İnternette yayın yapan birçok web sitesi wordpress altyapısını kullanmaktadır. Aynı zamanda kötü niyetli kişilerin hedef siteleri arasında yer almaktadır. Çünkü bilinen bir sisteme sızmak, özgün bir siteme sızmaktan her zaman için daha kolaydır. Buna rağmen wordpress’i gerekli güvenlik önlemleri aldığınız taktirde güvenli bir şekilde kullanabilirsiniz. Bu yazımızda sizlere WordPress sisteminin nasıl daha güvenli bir hale getirebileceğinizi anlatmaya çalışacağız.
WordPress Dosya İzinleri: WordPress’te en önemli güvenlik açıklardan birisi de dosyalara yanlış izinler verilmesinden kaynaklanmaktadır. Aşağıda sisteminizde olması gereken ideal dosya izinlerini vereceğiz.
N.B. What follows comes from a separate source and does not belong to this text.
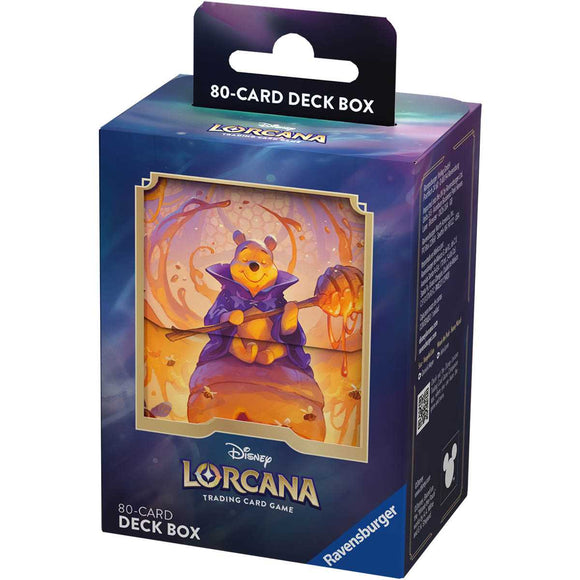 Disney Lorcana: Azurite Sea Deck Box Winnie the Pooh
Ana dizin (root directory) : 0755
wp-includes/ : 0755
wp-admin/ : 0755
wp-admin/js/ : 0755
wp-content/ : 0755
wp-content/themes/ : 0755
wp-content/plugins/ : 0755
wp-admin/index.php : 0644
.htaccess : 0644
wp-config.php : 0644
Bir takım eklentilerin kurulumu sırasında klasörlerden bazılarına tam izin yani 777 vermeniz gerekebilir, burada eklentiyi kurarken 777 iznini verip, kurulum tamamladıktan sonra tekrar eski durumuna getirmeniz gerekmektedir. Çünkü 777 ayarında hiçbir kısıtlama olmadığından dolayı, bu iznin verildiği dosya çok rahat şekilde erişilebilir.
WordPress Güncellemeleri: WordPress belirli aralıklarla panelinden birtakım yeni güncellemeleri kullanıcılarına sunar. Bunları sürekli takip etmeli ve her güncelleme çıktığında sisteminizi upgrade etmelisiniz. Bu güncelleme yeni özellikleri içerebilir veya bir güvenlik açığını kapatmak adına karşımıza çıkabilir.(Her güncellemeden önce veri kaybına karşı mutlaka sitenizin yedeğini alın.)
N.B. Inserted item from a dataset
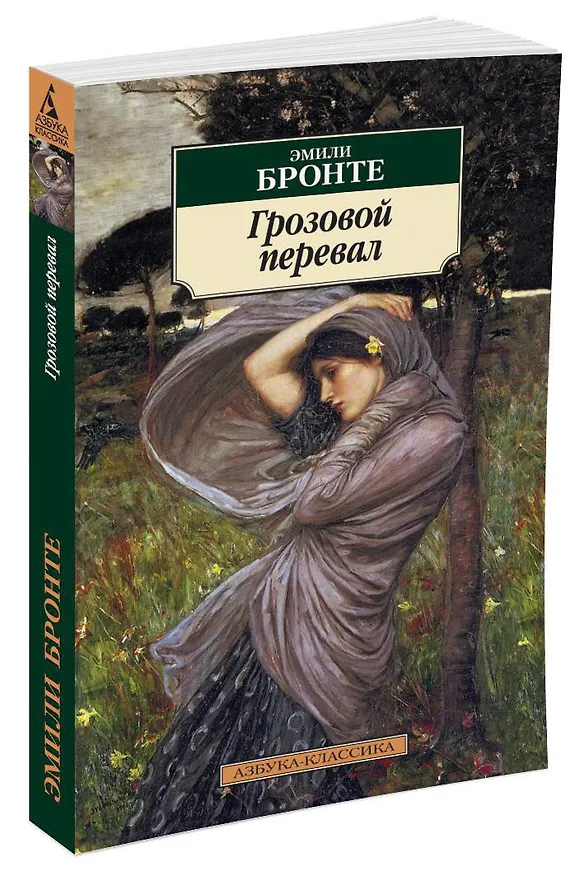 Книга Грозовой перевал (Эмили Джейн Бронте) — 3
WordPress Eklentileri: Kesinlikle bilinmeyen ve wordpress in kendi sitesinde yer almayan eklentiler kullanmayın. WordPress tarafından kullanılan eklentilerde bile zaman zaman güvenlik açıkları oluşabilmekte ve bu sayede eklentinin kullanıldığı sitelere sızıntı yapılabilmektedir.
WordPress Panel Kullanıcı Adı ve Şifresi: WordPress kullanıcı adınız “admin” ise onu silin ve başka bir kullanıcı adı ile sisteminize giriş yapın. Çünkü sitenize girmek isteyen hackerlar ilk önce “admin” kullanıcı adını deneyeceklerdir. Şifrelerinizi basit değil de, büyük harf ve rakam içeren kombinasyonlardan oluşturun.
WordPress Wp-config Dosyası: Bu dosya hackerlerın hedefinde olan ilk dosyadır, korunması çok önemlidir, çünkü dosya içerisinde veritabanı bilgileriniz bulunur. Wp-config dosyasını korumak için ilk önlem olarak, Zend ve Ioncube gibi dosya şifreleme programlarını kullanarak şifreleyebilirsiniz. Buna ek olarak wp-config dosyasına erişimi daha zor hale getirmek için yolunu değiştirebilirsiniz. Bunu wp-load.php dosyası içerisinden basit bir şekilde yapabilirsiniz.
Yukarıda verdiğimiz bilgiler karşı tarafın sitenize sızmasında %100 oranında bir güven sağlamasa da, işini bir hayli zorlaştıracaktır. Eğer değer verdiğiniz bir siteniz varsa, mutlaka belirli zaman aralıkları ile sitenizin yedeğini alın ve profesyonel sunucu hizmeti veren kurumsal firmalar ile çalışın.